== Segment start ==
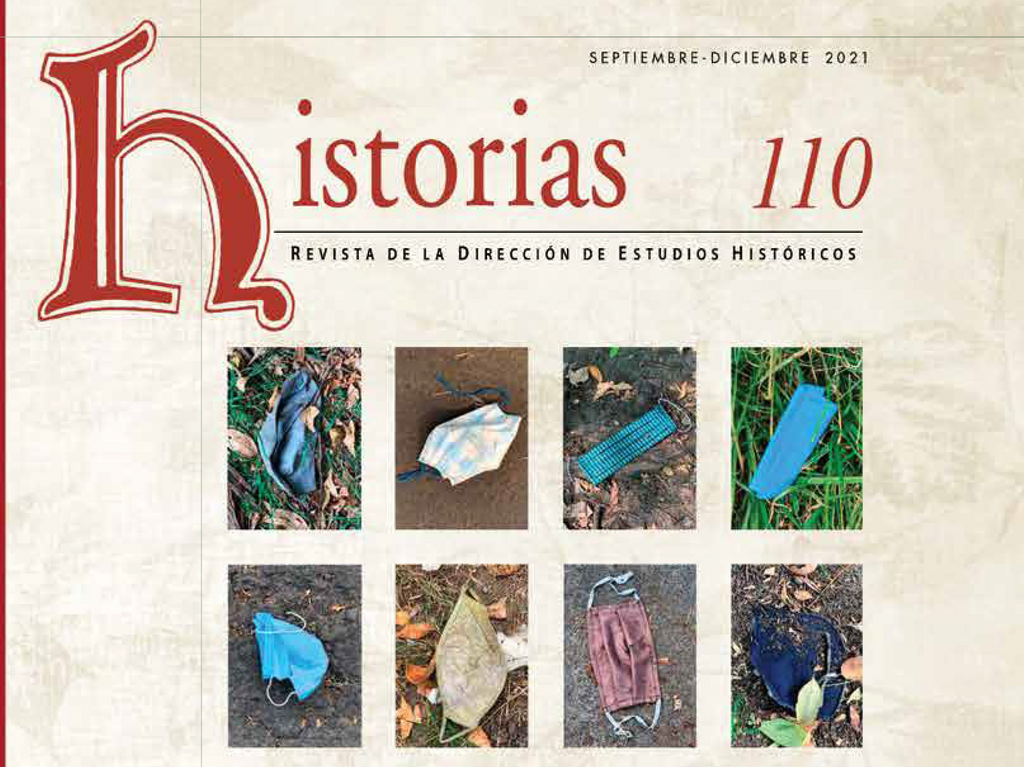 imagen0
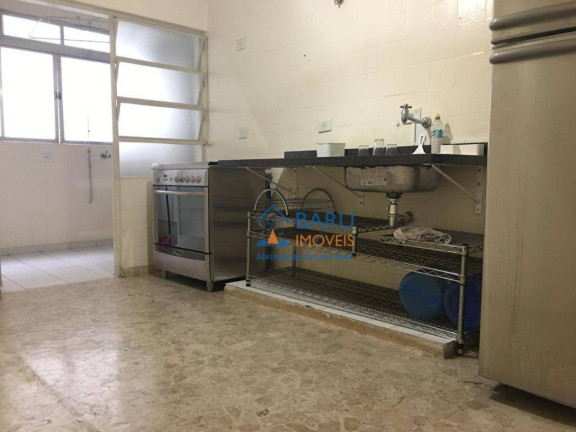 Imagem Apartamento com 3 Quartos à Venda, 105 m² em Paraíso - São Paulo Imagem Apartamento com 3 Quartos à Venda, 105 m² em Paraíso - São Paulo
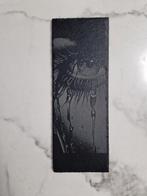 Nieuwe tapas plank van leisteen door ons gegraveerd, Ophalen, Nieuw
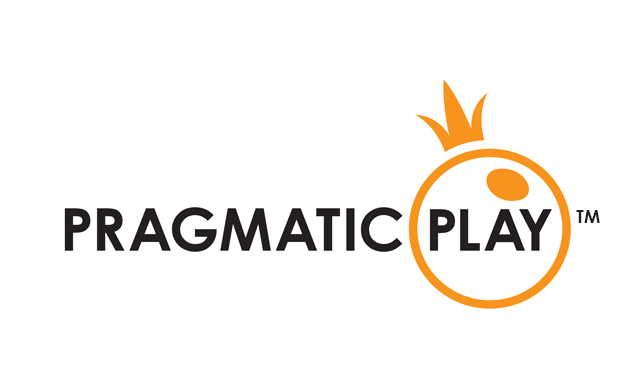 Pragmatic Play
== Segment end ==
▶ [Exercise aim]
In your copy of the data above, leave out the pictures and repeat everything else exactly.

▶ [Written solution]
 imagen0
 Imagem Apartamento com 3 Quartos à Venda, 105 m² em Paraíso - São Paulo Imagem Apartamento com 3 Quartos à Venda, 105 m² em Paraíso - São Paulo
 Nieuwe tapas plank van leisteen door ons gegraveerd, Ophalen, Nieuw
 Pragmatic Play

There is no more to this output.